The impact of financial education for youth in Ghana

Evidence type: Evaluation i

Description of the programme:

The two programmes evaluated are the Aflatoun curriculum and the HMB curriculum. The latter contained the financial but not the social components of the Aflatoun treatment. Both programmes sought to teach children the importance of money, savings and spending, planning and budgeting, personal finances, and entrepreneurship.

The additional social components of the Aflatoun treatment included sessions on personal exploration and childrens’ rights and responsibilities. The curriculum also included several stories about children who were forced to work instead of attending school, emphasising the difficult and dangerous working conditions experienced by children and encouraging them to see child labour as a violation of their basic rights. Both programmes took place in public schools. 72 schools took part in the programmes.

The study:

From a list of 165 eligible schools 135 were randomly selected to be included in the programme, including primary (grades 1-6), junior high (grades 7 and 8), and ‘basic’ (combined primary and junior secondary) schools in three districts. Within each district, sample schools were sorted by average within-grade class size and then grouped into ‘triplets’, and assigned to the Aflatoun intervention, the HMB intervention, or a control group.

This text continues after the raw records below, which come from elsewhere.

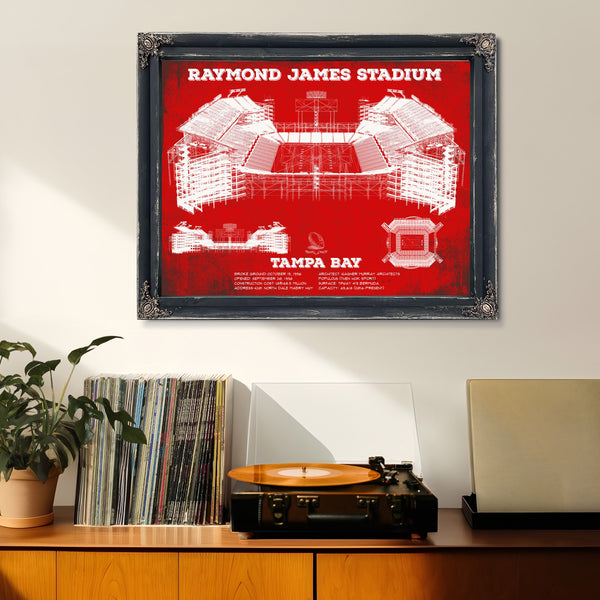 Vintage Tampa Bay Buccaneers Team Color - Raymond James Stadium Print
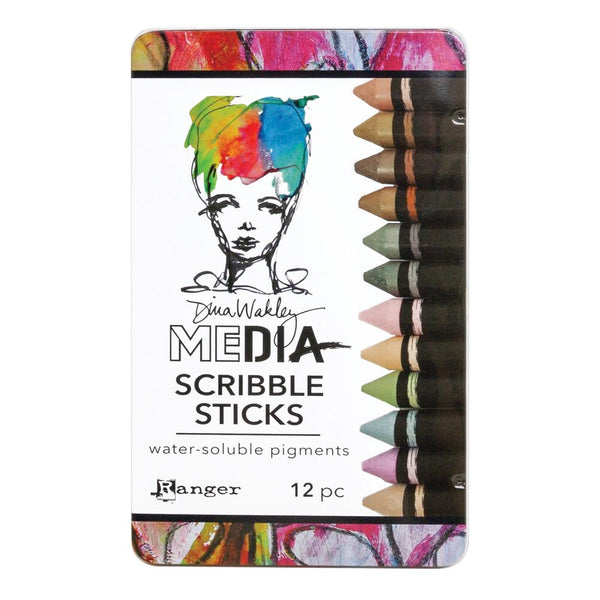 Dina Wakley Media Scribble Sticks 3 - 12 pack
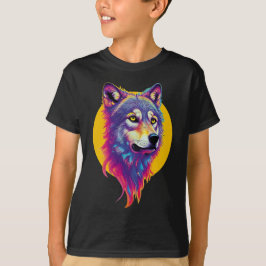 Farbiges Wolf-Portrait T-Shirt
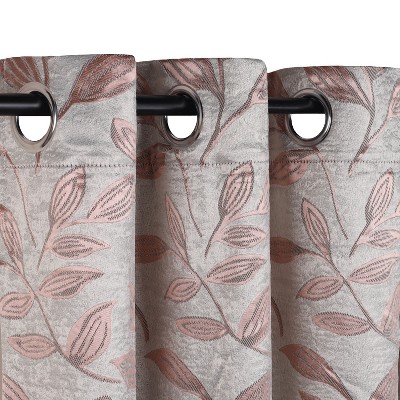 Bronze Polyester Blackout Grommet Curtains with Leaf Design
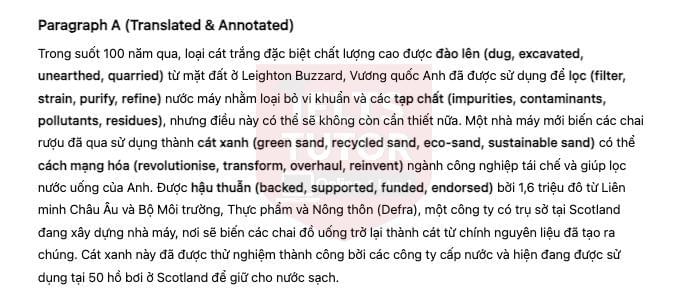 🔥Green virtues of green sand - Revolution in glass recycling could help keep water clean Answers with location - Đề luyện IELTS READING 🔥Green virtues of green sand - Revolution in glass recycling could help keep water clean Answers with location - Đề luyện IELTS READING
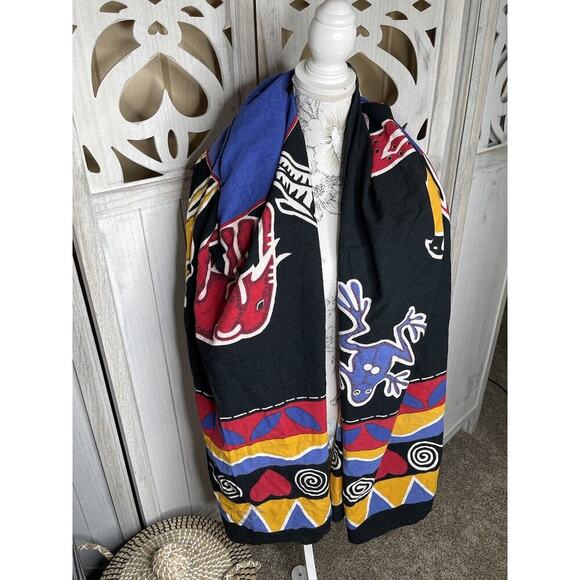 Gypsy Rose Bohemian One World Safari Animals Black Scarf Shawl - Picture 7 of 8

The programme sampled an average of 40 students from each school in the study, largely from grades 5 and 7, from September 2010 to July 2011. Questions covered 11 indices: savings behaviour, savings attitudes, home savings support, work, risk preference, time preference, financial literacy, expenditure on self, expenditure on ‘temptation goods’, confidence, and academic performance.

The evaluation presents a partial analysis of the characteristics of children who took up the programmes in these schools, limited by the evaluator’s inability to collect complete take-up information for all schools.

Key findings:

  • Knowledge and behaviour: Neither the Aflatoun and HMB programmes led to increased savings knowledge or behaviour. The lack of an effect on the total savings suggests that the programme caused students to move their savings to school accounts rather than to save more.
  • Child labour: Neither treatment encouraged children to seek paid work, but the Aflatoun program explicitly discouraged child work. The HMB group reported increased work, but did not appear to result in increased earnings.
  • Risk and time: Neither programme appeared to impact student attitudes to risk (willingness to take risks for greater financial gain) or time (willingness to defer income in order to increase overall income).
  • Financial literacy: The effects of the programs on the financial literacy index are small and not statistically significant.
  • Confidence: The programmes appeared to have little, if any, impact on child confidence. If anything the impact was negative, with more children in the Aflatoun group agreeing with the statement ‘Teacher makes you feel you are not good enough’ after the course, however the authors argue that this result should be treated with caution.
  • Performance: There was no evidence that the programmes impacted school attendance or overall performance.

Points to consider:

Methodological limitations:

  • The study is not entirely coherent. For example, the authors state that the programmes had ‘positive and significant impacts on savings behaviour’, but also note that there was ‘no impact on the percentage of children who save nor on the total amount saved’.
  • There are few results of note, and most which are documented are not statistically significant.
  • The study took place over quite a short period (October 2010 to July 2011. A number of schools established programmes late in the period (starting as late as January and February 2011).
  • The authors do not have attendance or participation data for all students/schools.

Relevance:

  • Given the methodological limitations listed above findings should be treated with caution.

Generalisability/ transferability:

  • Learnings from this study are not easily transferable to other contexts due to the limitations listed.

Key info

Year of publication
2015
Country/Countries
Ghana
Contact information

James Berry, Cornell University, IPA, [email protected] / Dean Karlan, Yale University, IPA, J-PAL, and NBER, [email protected] / Menno Pradhan, VU University Amsterdam, University of Amsterdam and Tinbergen Institute [email protected]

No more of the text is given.